In this case, we have:
$\begin{align*} c_A &= m^3 \bmod N_A \\ c_B &= m^3 \bmod N_B \\ c_C &= m^3 \bmod N_C \\ \end{align*}$
Using the Chinese Remainder Theorem (CRT), we can compute a value $c'$ such that
$c' = m^3 \bmod (N_A N_B N_C)$
Since $m$ is smaller than any of the moduli, $m^3 < N_A N_B N_C$ . Therefore, the cube root of $c'$ can be taken directly to recover $m$ .

Improve RSA Attack Success Rate

Let $(N, e)$ be an RSA key, where $2 < e < N$ . Suppose $\mathcal{A}$ is a probabilistic algorithm that runs in time $t$ with

\Pr_{r \leftarrow \mathbb{Z}_N} \left[ \mathcal{A}(N, e, r^e \bmod N) = r \right] = 1\%.

Show that $\mathcal{A}$ can be used as a subroutine to construct an algorithm $\mathcal{B}$ such that

\Pr_{r \leftarrow \mathbb{Z}_N} \left[ \mathcal{B}(N, e, r^e \bmod N) = r \right] = 99\%.

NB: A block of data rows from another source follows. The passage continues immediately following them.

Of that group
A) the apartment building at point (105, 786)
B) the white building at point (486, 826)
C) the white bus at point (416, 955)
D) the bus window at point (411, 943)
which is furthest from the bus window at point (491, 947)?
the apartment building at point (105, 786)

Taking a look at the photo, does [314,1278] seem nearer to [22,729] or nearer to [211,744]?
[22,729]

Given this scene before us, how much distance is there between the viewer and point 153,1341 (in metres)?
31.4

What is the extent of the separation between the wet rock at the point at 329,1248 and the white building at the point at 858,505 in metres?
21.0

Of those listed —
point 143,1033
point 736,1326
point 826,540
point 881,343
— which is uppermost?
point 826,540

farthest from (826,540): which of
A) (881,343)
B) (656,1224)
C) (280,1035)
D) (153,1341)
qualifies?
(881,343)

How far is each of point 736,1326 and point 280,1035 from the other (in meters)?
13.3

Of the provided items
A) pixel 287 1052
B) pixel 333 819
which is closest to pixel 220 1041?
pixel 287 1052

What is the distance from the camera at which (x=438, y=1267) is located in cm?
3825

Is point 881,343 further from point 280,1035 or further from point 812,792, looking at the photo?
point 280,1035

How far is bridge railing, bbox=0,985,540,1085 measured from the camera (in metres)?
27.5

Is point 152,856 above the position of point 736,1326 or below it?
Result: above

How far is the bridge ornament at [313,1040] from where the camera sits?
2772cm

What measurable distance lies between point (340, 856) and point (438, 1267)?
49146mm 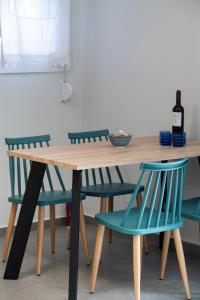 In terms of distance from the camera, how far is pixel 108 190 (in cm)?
422

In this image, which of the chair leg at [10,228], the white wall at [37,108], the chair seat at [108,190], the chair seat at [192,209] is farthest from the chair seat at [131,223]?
the white wall at [37,108]

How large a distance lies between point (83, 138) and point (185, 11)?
109 cm

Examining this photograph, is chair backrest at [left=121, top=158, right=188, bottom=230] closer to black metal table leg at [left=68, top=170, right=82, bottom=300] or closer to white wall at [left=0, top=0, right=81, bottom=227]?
black metal table leg at [left=68, top=170, right=82, bottom=300]

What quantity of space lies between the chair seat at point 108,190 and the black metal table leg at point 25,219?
0.56 metres

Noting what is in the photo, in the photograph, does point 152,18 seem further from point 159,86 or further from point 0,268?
Result: point 0,268

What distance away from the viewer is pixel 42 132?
494 cm

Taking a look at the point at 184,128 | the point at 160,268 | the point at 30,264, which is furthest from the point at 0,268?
the point at 184,128

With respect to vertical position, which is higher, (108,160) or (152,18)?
(152,18)

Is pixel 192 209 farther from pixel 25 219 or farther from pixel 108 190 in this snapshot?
pixel 25 219

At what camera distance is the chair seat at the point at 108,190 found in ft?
13.7

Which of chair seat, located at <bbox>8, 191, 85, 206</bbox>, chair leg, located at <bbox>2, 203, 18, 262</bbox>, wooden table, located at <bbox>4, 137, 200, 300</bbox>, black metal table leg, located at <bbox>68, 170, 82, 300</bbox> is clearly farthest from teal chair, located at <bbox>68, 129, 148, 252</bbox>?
black metal table leg, located at <bbox>68, 170, 82, 300</bbox>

To build such an algorithm $\mathcal{B}$ , we rely on the fact that RSA is multiplicatively homomorphic. With this in mind, one can devise an algorithm $\mathcal{B}(N, e, y)$ as follows:

Repeat:
- Sample $s \xleftarrow{\$} \mathbb{Z}_N$ .
- Compute $x \leftarrow \mathcal{A}(N, e, ys^e \bmod N)$ .
Until $x^e = ys^e$ .

Then, by using the homomorphic property, recover $r$ as:

r \leftarrow x \cdot s^{-1} \bmod N.

By repeating the algorithm $\mathcal{A}$ a bounded number of times, we can design $\mathcal{B}$ with a success probability of 99%.

Square Root and RSA

Let’s begin by examining an interesting attack.

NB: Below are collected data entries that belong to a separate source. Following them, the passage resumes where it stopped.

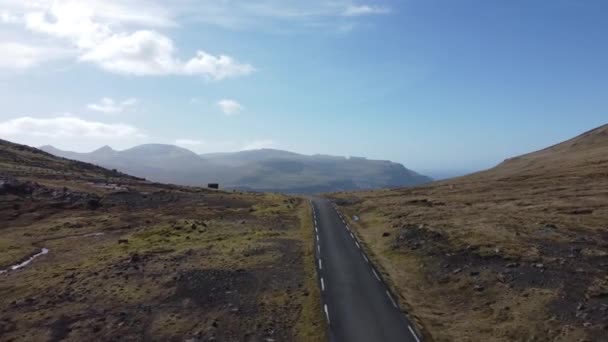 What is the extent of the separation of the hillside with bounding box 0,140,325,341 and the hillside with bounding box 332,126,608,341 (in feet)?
29.9

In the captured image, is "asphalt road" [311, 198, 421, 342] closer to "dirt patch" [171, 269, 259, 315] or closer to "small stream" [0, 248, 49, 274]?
"dirt patch" [171, 269, 259, 315]

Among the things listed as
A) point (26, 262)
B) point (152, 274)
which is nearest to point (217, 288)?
point (152, 274)

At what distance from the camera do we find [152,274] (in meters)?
39.2

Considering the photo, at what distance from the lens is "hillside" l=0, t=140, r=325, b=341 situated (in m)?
28.3

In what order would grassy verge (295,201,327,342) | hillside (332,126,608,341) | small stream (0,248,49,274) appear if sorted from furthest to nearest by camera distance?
small stream (0,248,49,274)
hillside (332,126,608,341)
grassy verge (295,201,327,342)

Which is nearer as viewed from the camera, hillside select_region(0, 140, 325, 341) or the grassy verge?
the grassy verge

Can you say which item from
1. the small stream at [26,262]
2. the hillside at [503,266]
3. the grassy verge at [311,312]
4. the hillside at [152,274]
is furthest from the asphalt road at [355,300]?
the small stream at [26,262]

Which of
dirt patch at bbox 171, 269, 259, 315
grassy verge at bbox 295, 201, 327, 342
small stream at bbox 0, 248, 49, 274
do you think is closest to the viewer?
grassy verge at bbox 295, 201, 327, 342

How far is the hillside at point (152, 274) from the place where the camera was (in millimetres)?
28312

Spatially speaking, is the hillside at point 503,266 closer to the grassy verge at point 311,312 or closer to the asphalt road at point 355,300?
the asphalt road at point 355,300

RSA Key Leakage Vulnerability

Suppose Bob uses the RSA cryptosystem and has a key pair with public key $e$ and private key $d$ . If Bob accidentally leaks his private key and decides to generate a new public/private key pair without generating a new modulus, show that this approach is insecure.

To prove that this approach is insecure, we will show that, given $d$ , one can factor $N$ (assuming $N$ is the product of two odd primes).

Given $d$ , compute $k = ed - 1$ using the public key $e$ .
By definition, $k$ is divisible by $\phi(N)$ . Since Euler’s totient function $\phi(N)$ is even, $k$ is even, and hence $\frac{k}{2}$ is an integer.
By Euler’s theorem, for every $g \in \mathbb{Z}_N^*$ , we have $g^k = 1$ . Therefore, $g^{\frac{k}{2}}$ is a square root of $1 \bmod N$ .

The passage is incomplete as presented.